1) Overall, the system is a little clunky. You have to lean far to the right to read the measurement. Once you lock that in, you have to tighten the thumbscrew on the fence to lock it down also. So, locking the fence is a 2 step process instead on the usual single handle. And speaking of the handle, I miss that there's no handle for moving the fence. You just put your hand on the fence and move it that way - no big deal, except that I got my finger caught between the miter slot and the fence once, ouch. I actually don't have the router table attachment yet, but i've gone through the setup and I can see that it's kind of a PITA… I do wish Incra could improve the mechanism for locking the fence down in the front (the smaller thumbscrew) They really need to have something more like the cam lock on the back of the fence to make locking faster. Last complaint is the footprint. The positioning system slides WAY to the right when making rips on wide boards. Again, not a big deal, because I seldom rip wide boards and even if I did, you just move the fence back closer to the blade after you are done.

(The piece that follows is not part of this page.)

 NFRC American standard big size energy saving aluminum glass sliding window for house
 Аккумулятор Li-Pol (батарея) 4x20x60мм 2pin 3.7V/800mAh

So all in all, I really like the fence. It's a little quirky, but I think as I get more used to it in my workflow, I'm going to like it even more. I'm anxious to get the router table and will give an update for those interested.


----------



## kramerbr

Hi BigBard,

I've been poking around various sites researching the TS-LS. I have a Rigid table saw as well, and I am wondering, since the TS-LS rail mounted to the back of the table looks bigger than the EOM, will it prevent the blade guard from mounting/functioning properly?

Thanks!


----------



## Bertha

Man, that's one slick looking router lift. I like the Dynamat; nice idea!


----------



## mattd90

Looks a great setup and I am looking forward to ordering my TS-LS in the next couple of days but could you tell me the total maximum length of the siderails and the fence when it is as far back as it will go please as I only have a small workshop and I am not sure it would fit length ways in the space I have?

I too box and Dynamat my routers (come from my days installing car sound systems) and the difference is great, especially as I work at the end of the garden and the neighbours wouldn't be too happy without it.


----------



## helluvawreck

I'm already sold on it and it's in my budget but don't know when I will be able to get it.

helluvawreck aka Charles
http://woodworkingexpo.wordpress.com


----------



## a1Jim

Thanks for the Review.


----------



## Holt

On the less serious side… I bought this system with the intention of mounting it on my Craftsman TS. I've since picked up an old (1940s era) Unisaw that I'll be refurbishing, so my plans have changed. Since I have no desire to preserve any original look, I'm thinking that after I finish stripping and priming the Unisaw carcass, I'll paint it to match the Incra color scheme!


----------



## ChipSawdust

A zombie thread, but I'd sure like to hear from people on how they are faring years after their purchase and installation.

I have the Ridgid 4512 and am seriously considering the Incra, after a browbeating form a buddy about how great his Vega system is… But I have other Incra tools and love all of them, down to the rulers and the "Original" Incra fence on my router table.


----------